I have to write about this, because I ran into two creepy instances of this in two days.
Yesterday, when I was finally updating the singing screen readers post, I was trying to look up Chris Skarstad’s name. I knew the probability was good that I would screw it up. I stumbled across his Twitter account, and saw this robot thing posting on his behalf that it had been 15 years since he joined Twitter. It did that in October of 2022. Hey, robot thing. He passed away in 2017. You might want to stop posting. I know that someone has to delete the Twitter account for the robot to get the message, but it’s still creepy to see things like that.

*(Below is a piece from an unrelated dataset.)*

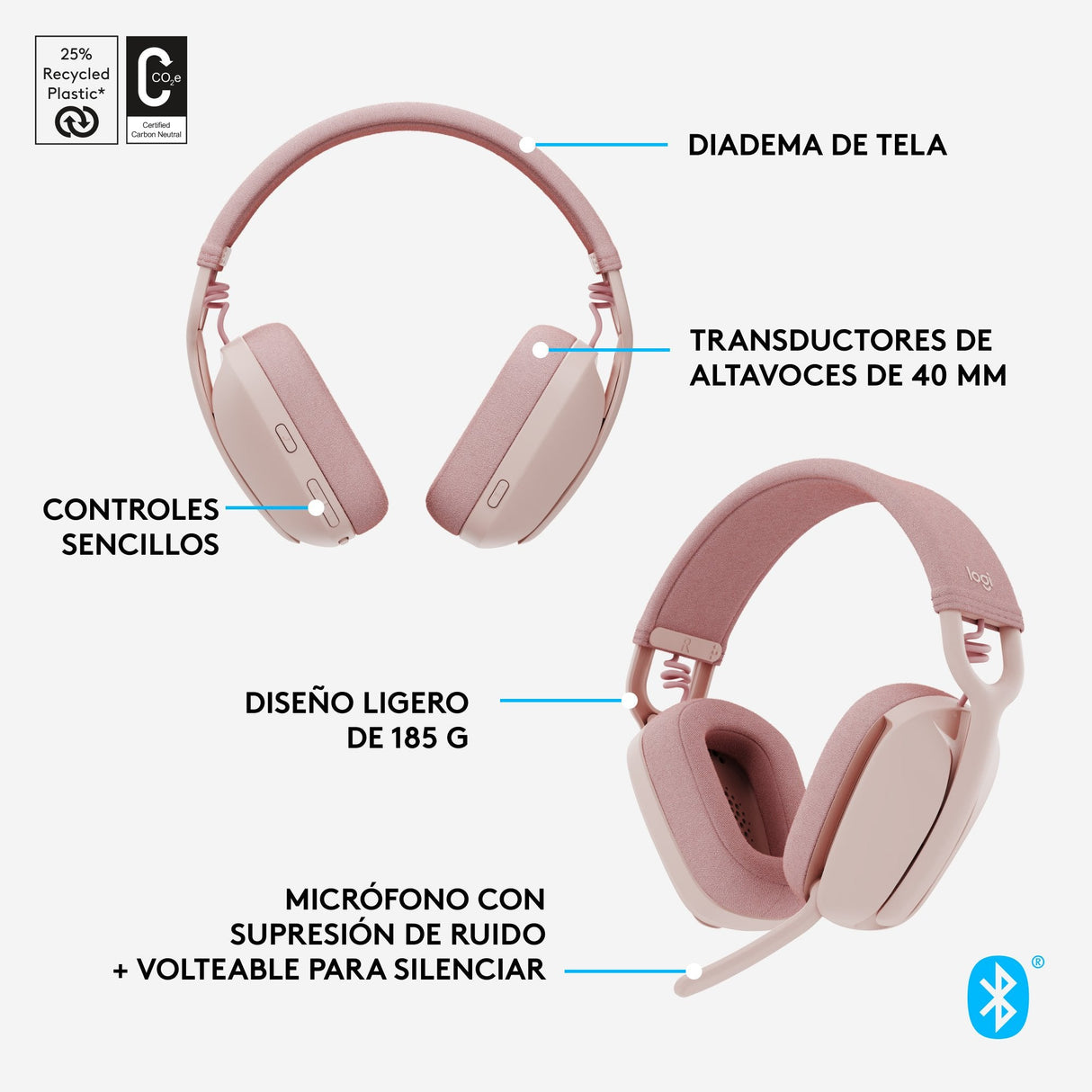 EAN 5099206103955 - Logitech 981-001224 auricular y casco Auriculares Inalámbrico Diadema Llamadas/Música Bluetooth Rosa imagen 14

Then, today I awoke to see Facebook telling me about the birthday of Trixie’s raiser. It just told me it was someone’s birthday, and I was trying to think of who else’s birthday it could have been. So I clicked on it and saw it was Trixie’s raiser’s birthday. I never posted about this because I could never find her obituary, but Trixie’s raiser passed away in April of 2021. Seeing her birthday notification was jarring and sad. I know, I could just unfriend her. But that feels weird too.

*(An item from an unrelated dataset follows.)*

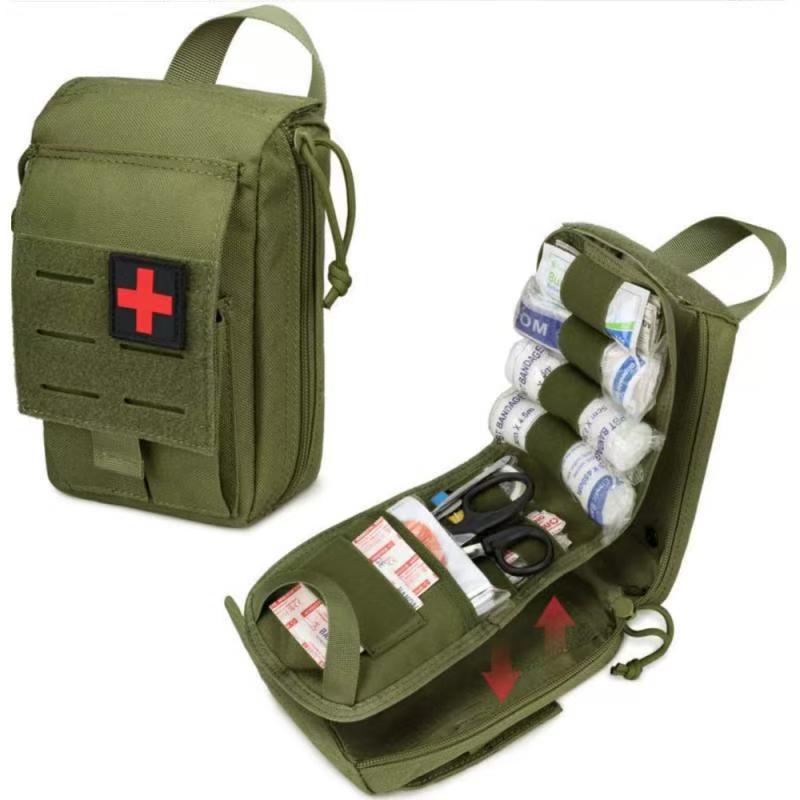 Camouflage MOLLE Tactical Medical Pouch: Multifunctional First Aid & Lifesaving Kit for Outdoor Adventures and Mountaineering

It really makes me glad that I don’t have anything proclaiming my anniversaries on any social media, and it makes me want to make sure that when I do kick the bucket, someone will let Facebook know that we don’t have to notify anyone of my next birthday.
Gees. Where did that sad bit of stuff come from? It’s New Year’s Eve! I should be bouncing. Well, hopefully I’ll have happier stuff to write later.
That’s totally creepy, and it’s only going to get worse as years pass. I know it’s possible to make a memorial page for someone, but it sounds like it takes some work and some documentation. It should, but who wants to think about that when they’re dealing with a lost loved one in the real world?